Underground » Ventilation, Gas Drainage and Monitoring
The US Sago mine disaster in 2006 caused mine seals to be destroyed by an atmospheric explosion. Investigations into the appropriateness of seal strength requirements to withstand a pressure event followed. New designs have been developed and various US changes implemented. Australian reviews of coal mine safety in the mid 1990s after the Moura Number 2 explosion in a similar way directly resulted in changes to management of hazards.
The primary objective of this project was to examine the Australian industry's approach to the use of seals; also the new US approaches to sealing and their possible application to Australian conditions. The current situation has been evaluated through comprehensive surveys of a number of coal mines in Queensland and NSW, seal manufacturers and the Queensland and NSW Inspectorates.
A general conclusion was that seal design should start from the premise that it is impossible to build a perfect seal and that leakage is most likely through surrounding strata and along the rock/seal interface. Seals should be rated to "seal" and not on structural applied pressure loading. The aim should be to keep goaf gases out of ventilation air and oxygen out of goafs. Seals should, however, be competently engineered structures that normally meet a 140kPa pressure rating.
More understanding of goaf gases ignition potential is needed, with more information on the variability of gas concentration data across the extent of a goaf. There is no evidence of mine atmosphere explosion detonations; every mine explosion has remained within the limits of deflagrations. Monitoring of the goaf atmosphere and requirements for inert gases is critical.
In many ways Australia and the US are similar, however Australian approaches to the management of hazardous mine atmospheres differ significantly. Australian risk management approach to handling hazardous situations implies the adoption of international industry best practice. There has been a move for Australia to consider the new US standards for seal pressure rating codes. The Australian industry has debated how the US information on seal behaviour and new regulations should be incorporated, if at all, into Australian practice. The industry as a whole, including mines' management, state Inspectorates and mining unions have decided not to adopt the principal dictates of the 2008 US seal regulations.

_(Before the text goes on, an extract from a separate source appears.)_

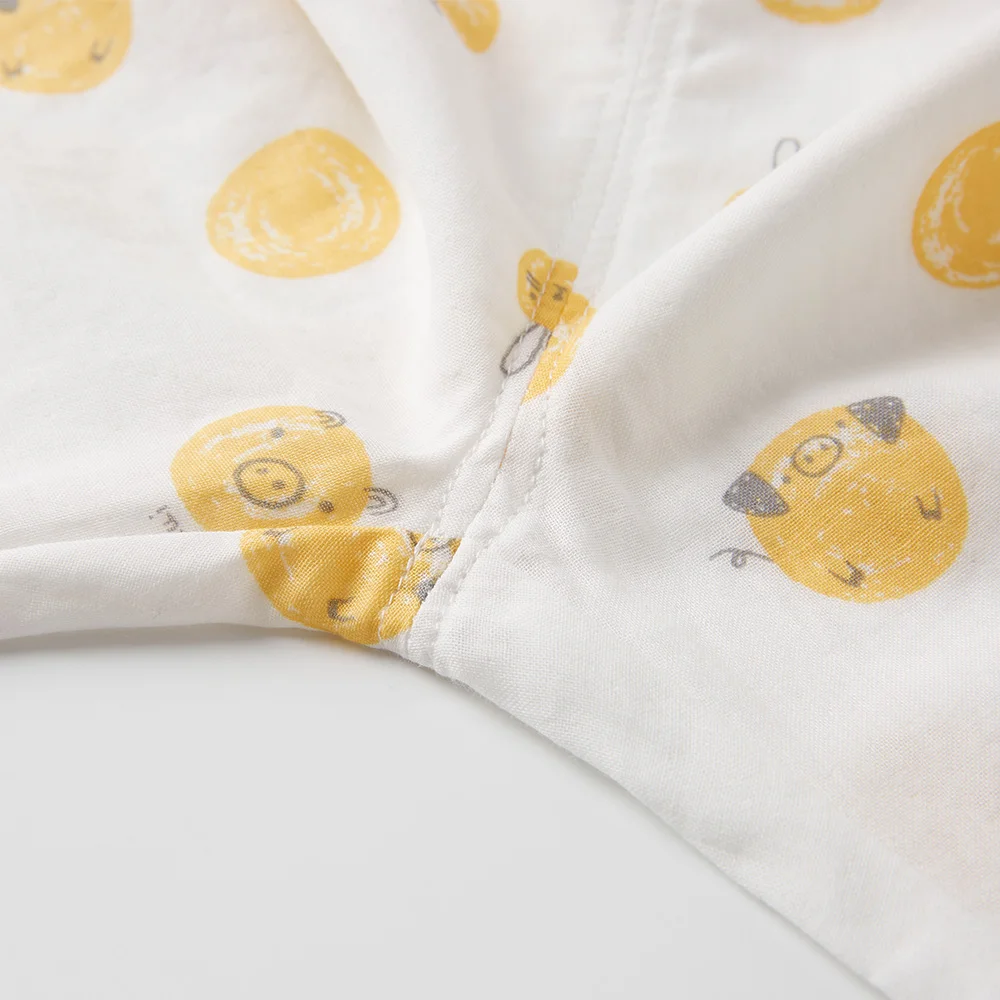 

Kids Girls Boys Mosquito-proof Pants Summer Octopus Pants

The project has undertaken a review of international literature on the topic. The Australian mining industry has a history of gas and dust monitoring and inerting practices particularly when goaf atmospheres "pass through the explosibility triangle". Simtars' Explosion Propagation Tube was used to undertake fundamental tests to further understand the nature of pressure generation. The principal aim of this section of the project was to study the theoretical basis for a detonation or significantly higher pressures occurring, and the conditions under which they would occur in Australia.